Menurut Pemda ini tidak soal. Karena tidak soal, maka Haji Ramang menyerahkan lahan 800 m2 ini kepada keponakannya Muhamad Syair.
Dari 800 m2 yang sudah diserahkan itu,600 m2 masuk dalam pembebasan perluasan bandara, tentu ada ganti rugi.
Dalam proses ganti rugi ini tahun 2020, tentu melalui kajian panitia pengadaan tanah yang diamanatkan oleh Undang undang Nomor 2 tahun 2012 dan Peraturan Menteri Agraria dan Tata Ruang/Kepala Badan Pertanahan Republik Indonesia Nomor 5 tahun 2012 tentang Pentunjuk Teknis Pelaksanaan Pengadaan Tanah.
Panitia terdiri: Bupati (mulai perencanaan pengadaan tanah, persiapan pengadaan tanah).

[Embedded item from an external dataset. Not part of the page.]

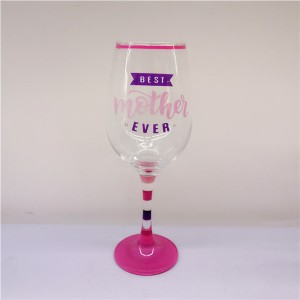 Set 4pcs Best Mom Ever Wine Glass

Kepala Kejaksaan Negeri Manggarai Barat sebagai tim pengawal dan pengawal pemeritahan dan pembangunan daerah (TP4D), dalam hal ini Kejari memberi pertimbangan hukum terkait proses pengadaan tanah.
Kepala Kantor Badan Pertanahan Manggarai Barat sebagai pelaksana sampai pada tahap penetapan.
Sedangkan pemilik tanah pengganti lainnya, begitu menerima SK tahun 2012 mereka melakukan peralihan hak ke pihak lain dengan jual beli.
Itulah mengapa di lahan pengganti lahan Pemda ini sudah berdiri beberapa bangunan rumah.
Menurut informasi yang saya dapat saat saya turun langsung melihat lokasi ini (Senin, 9 Agustus 2021) sore lalu, bahwa bangunan rumah ini milik salah satu mantan Kepala Cabang Bank NTT dan orang PLN.